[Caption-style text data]
*-*-*

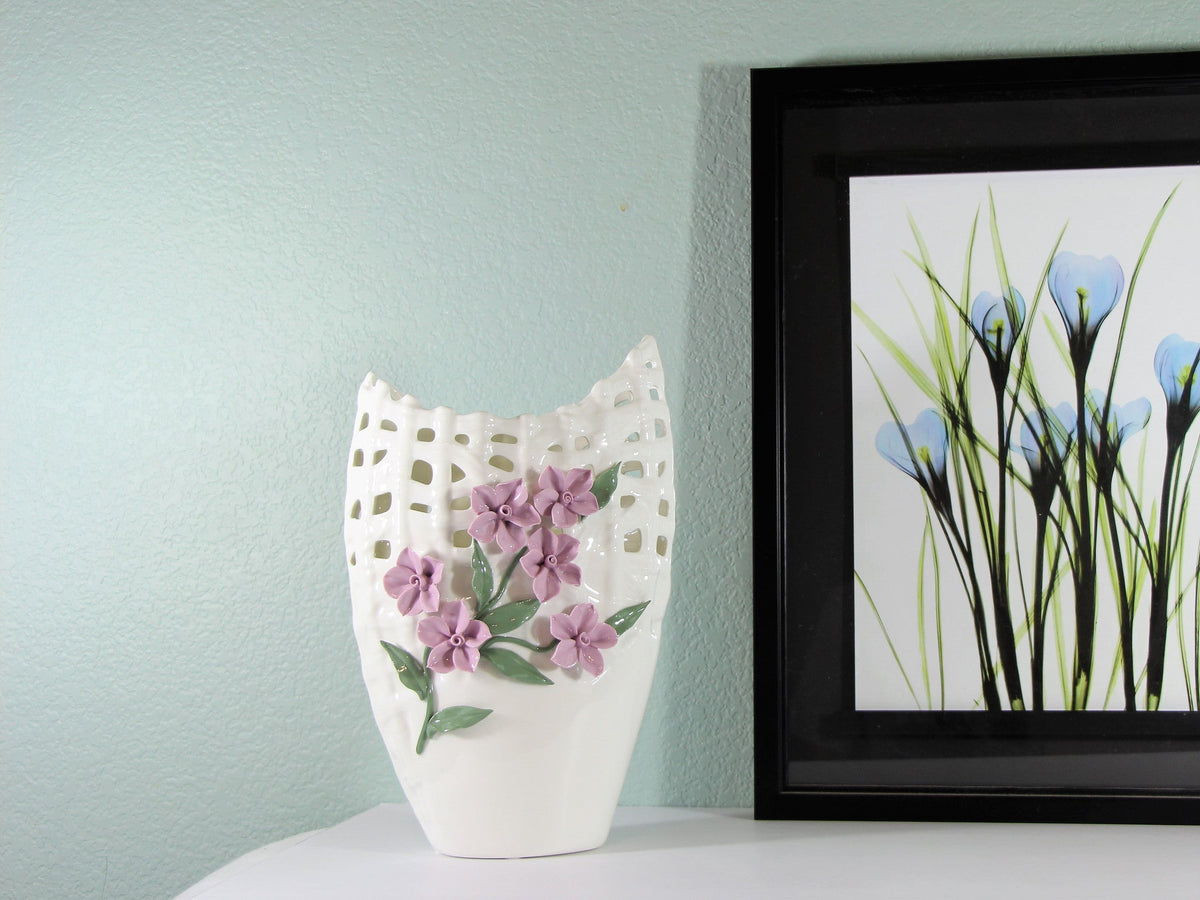 Tall white porcelain vase with pinched purple flowers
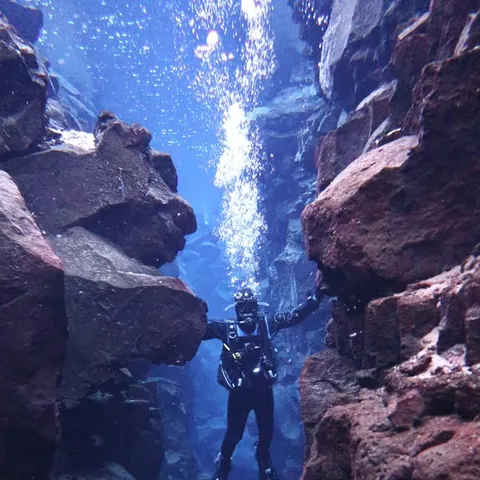A diver standing between the rock walls of the fissure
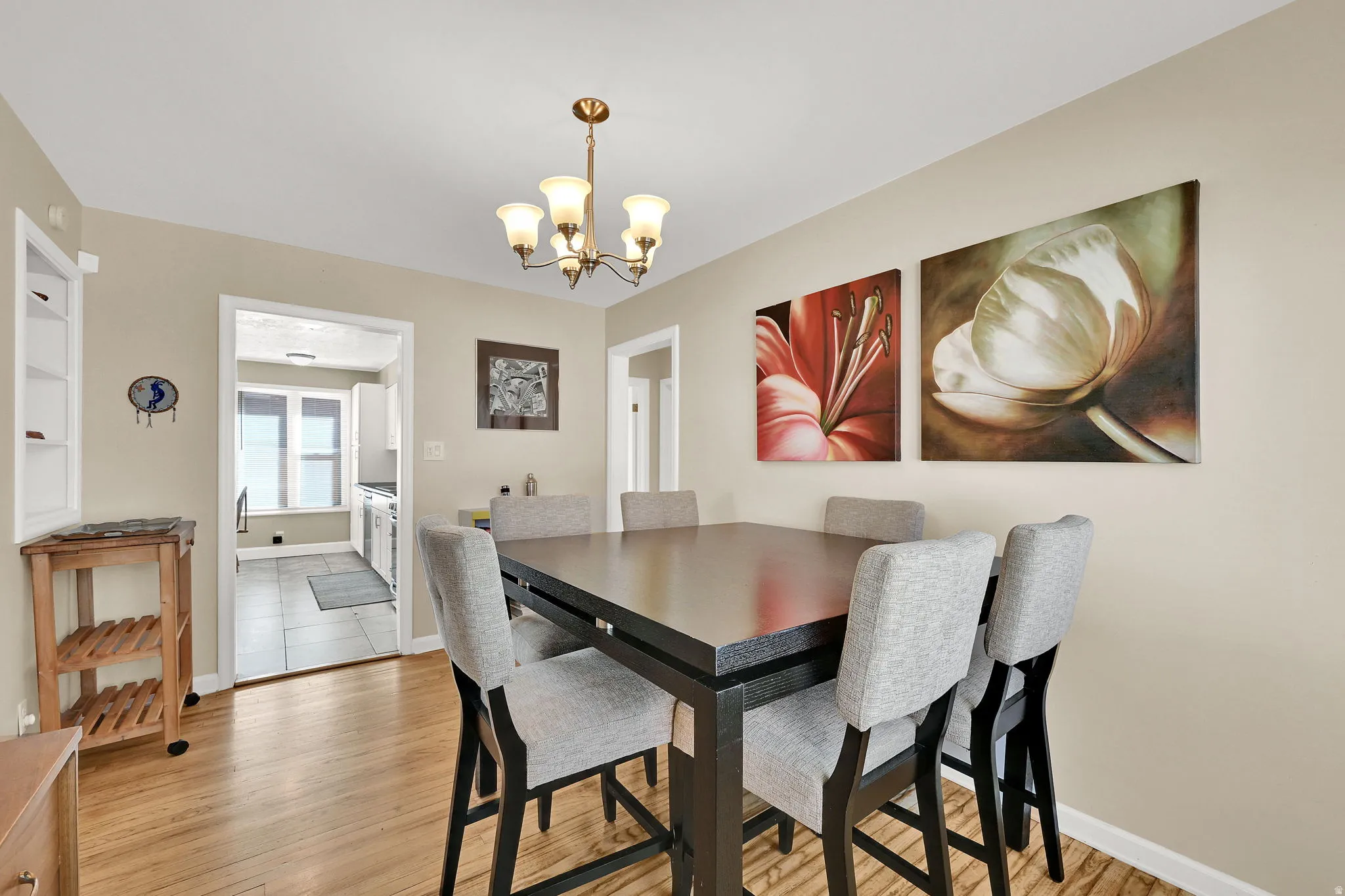 Semi-formal dining space featuring wood flooring and a chandelier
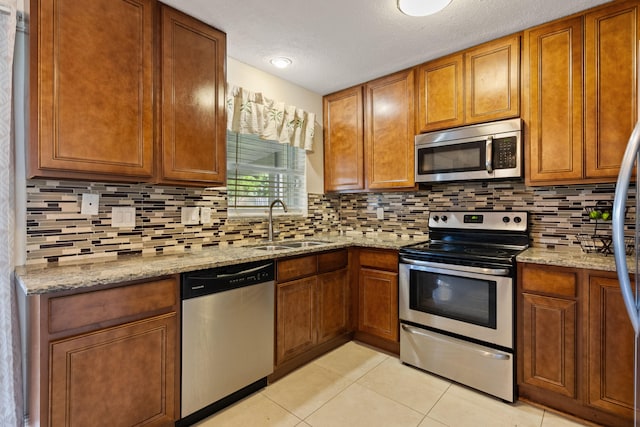 kitchen with light tile patterned floors, sink, a textured ceiling, backsplash, and stainless steel appliances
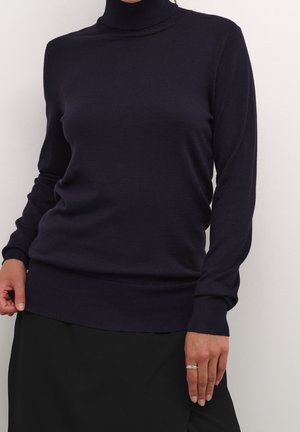 Person trägt einen dunkelblauen Rollkragenpullover mit langen Ärmeln und einen schwarzen Rock und steht vor einer einfarbigen hellen Wand.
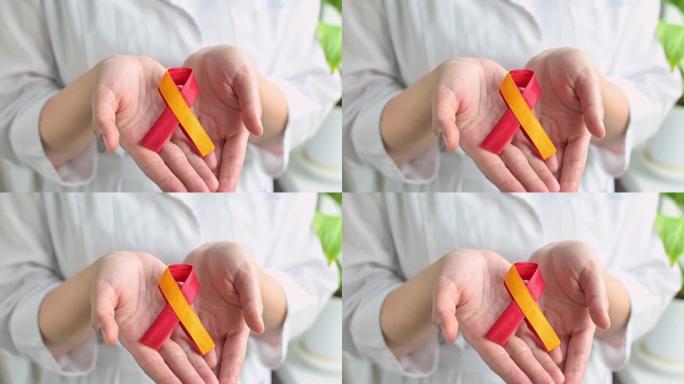 世界肝炎日。女人医生手里拿着红色的黄色丝带。预防和治疗病毒性肝炎的意识。肝癌。世界癌症日。全高清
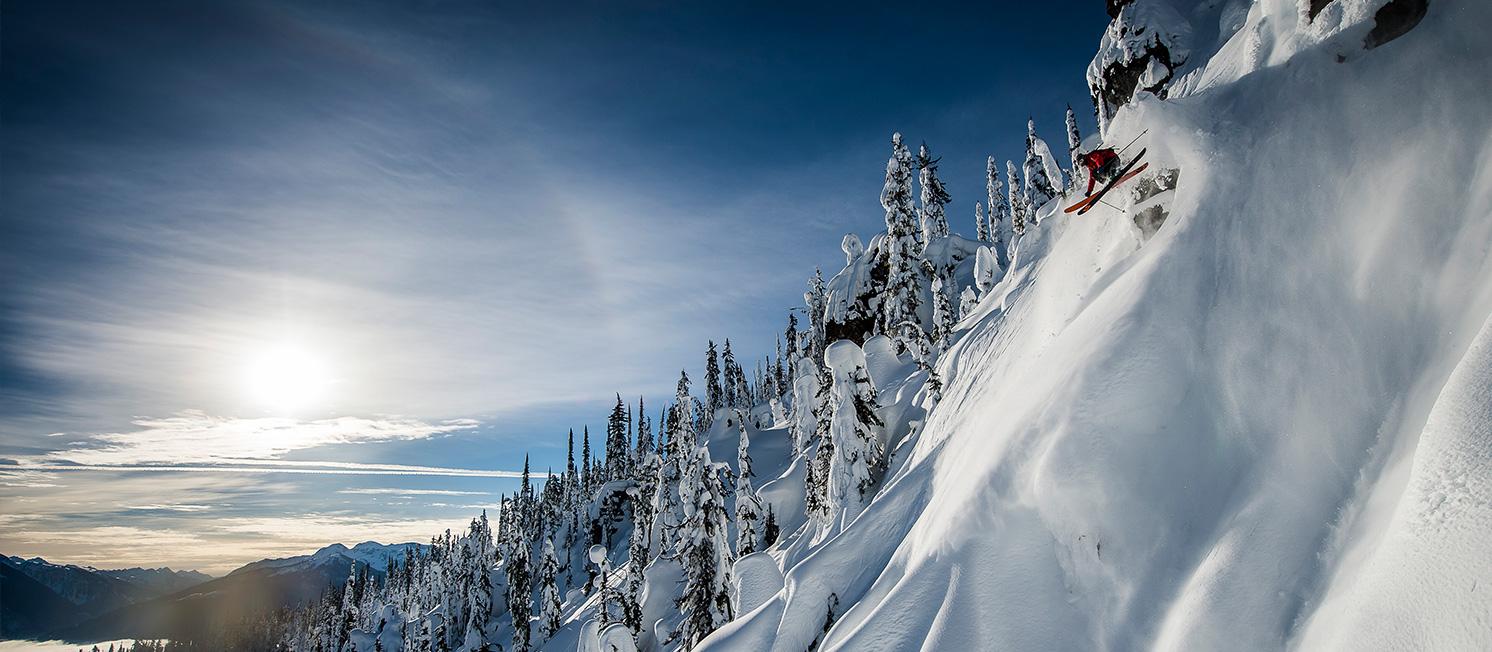 Eagle Pass Heliskiing in Canada - a person skiing down the side of a mountain.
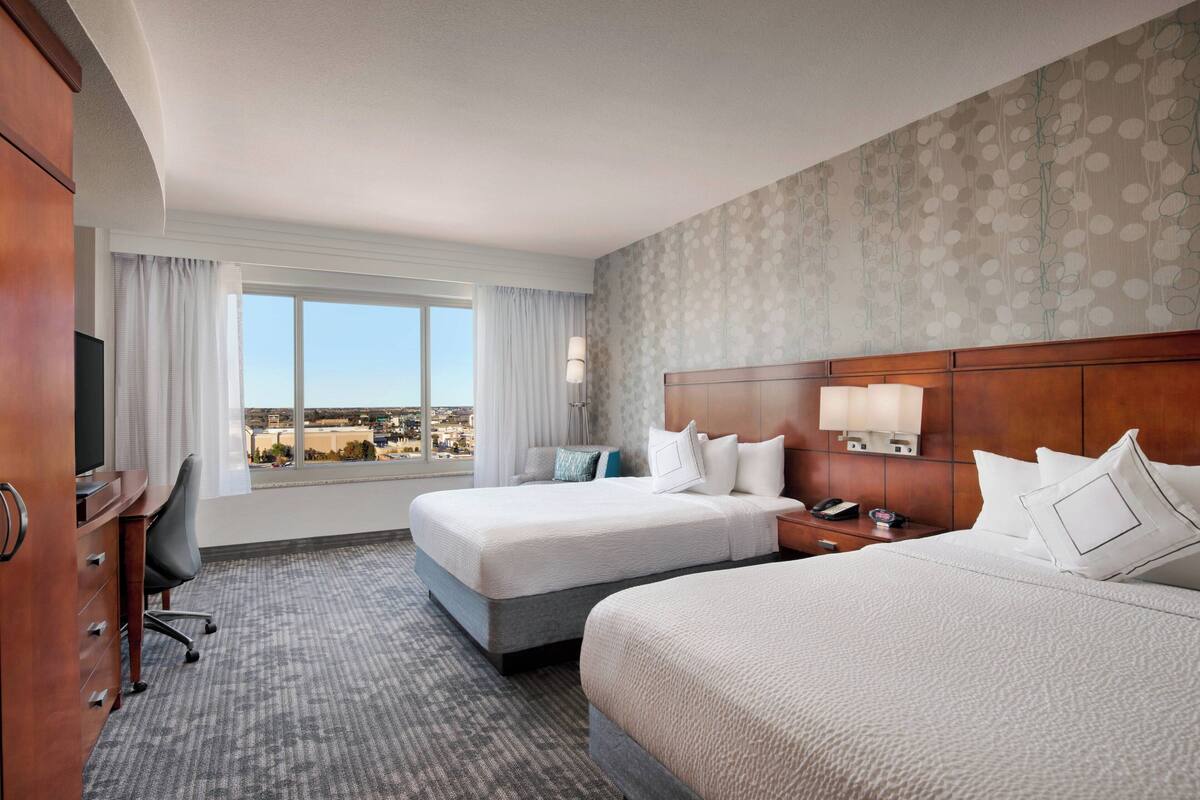A hotel room with two beds, a desk, a TV, and a large window with a city view.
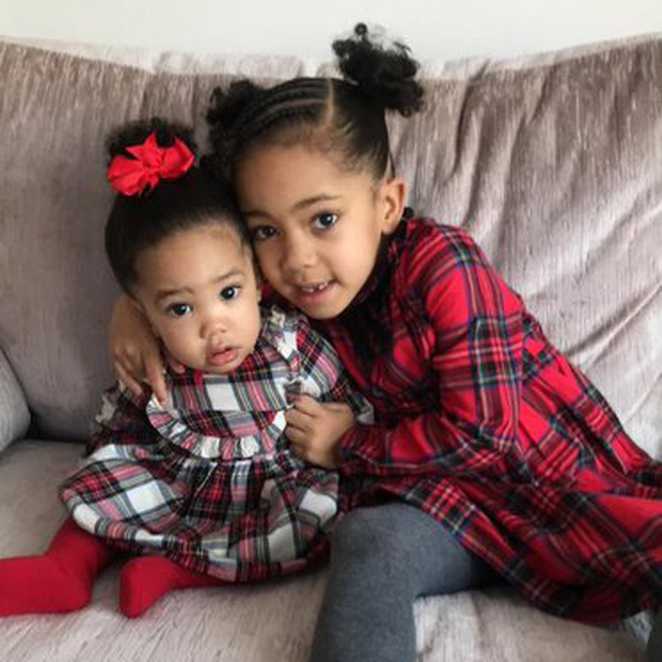 J'Anaie and her little sister Jayla wearing checked dresses.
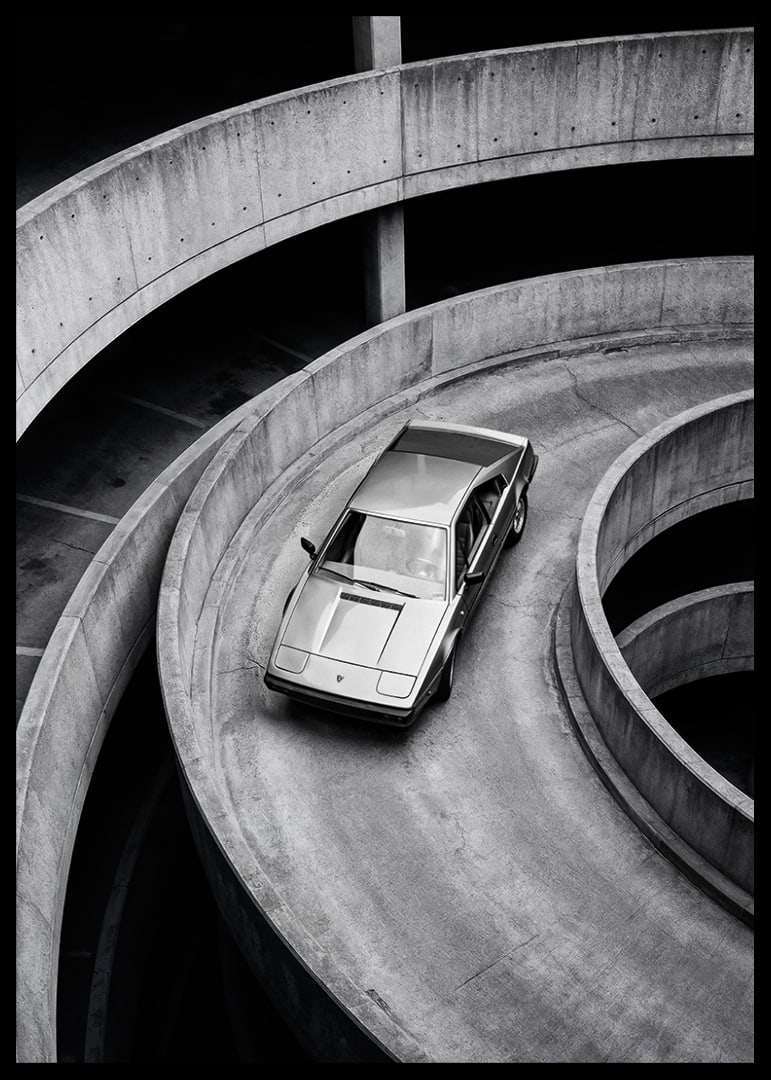 A Lamborghini Jalpa car sweeps through a spiraling concrete road in elegant style.-12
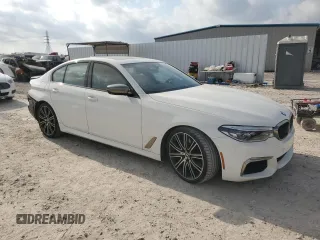 2018 BMW 5 Series M550i xDrive with VIN WBAJB9C58JG464461, listed as a Copart auction lot 53626575 with 62,436 mi miles and Salvage Title. Bid and sale history available at carsss.com. Image 4.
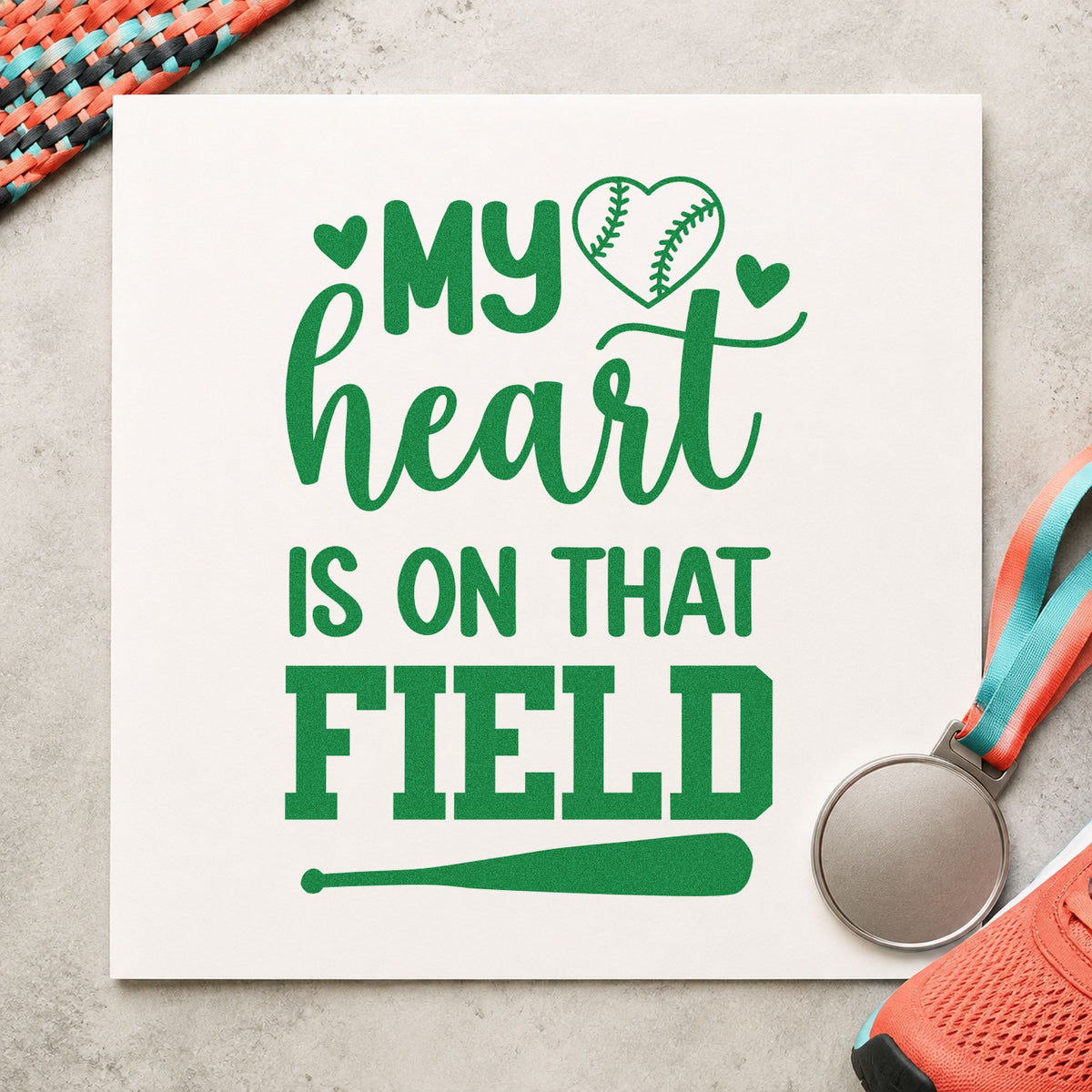 Heart on the Field Bat craft stamp imprint in green ink on a handmade project, one idea being photo book inserts.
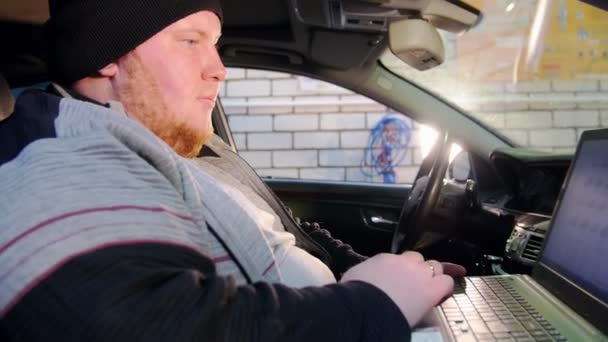 Servicio de coches. El hombre mecánico grueso se sienta en el coche y trabaja con un ordenador portátil — Vídeo de stock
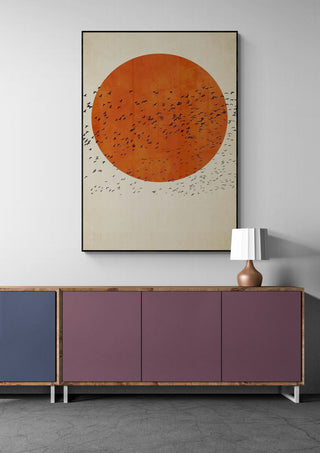Framed "Birds In the Sun" by Boris Draschoff above a modern sideboard with lamp in a minimalist room.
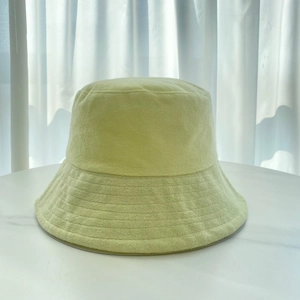 Close-up detail of soft terry cloth texture on a light yellow unisex bucket hat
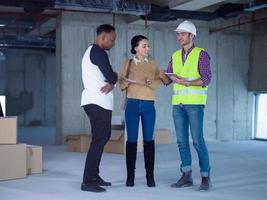 worker showing house design plans to a young multiethnic couple photo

*-*-*

▶ _Task instructions_
Leave every picture out and retype exactly the lines of the records above from the one holding "Eagle Pass Heliskiing" through the last, both ends included and nothing besides.

▶ _Task result_
 Eagle Pass Heliskiing in Canada - a person skiing down the side of a mountain.
A hotel room with two beds, a desk, a TV, and a large window with a city view.
 J'Anaie and her little sister Jayla wearing checked dresses.
 A Lamborghini Jalpa car sweeps through a spiraling concrete road in elegant style.-12
 2018 BMW 5 Series M550i xDrive with VIN WBAJB9C58JG464461, listed as a Copart auction lot 53626575 with 62,436 mi miles and Salvage Title. Bid and sale history available at carsss.com. Image 4.
 Heart on the Field Bat craft stamp imprint in green ink on a handmade project, one idea being photo book inserts.
 Servicio de coches. El hombre mecánico grueso se sienta en el coche y trabaja con un ordenador portátil — Vídeo de stock
Framed "Birds In the Sun" by Boris Draschoff above a modern sideboard with lamp in a minimalist room.
 Close-up detail of soft terry cloth texture on a light yellow unisex bucket hat
 worker showing house design plans to a young multiethnic couple photo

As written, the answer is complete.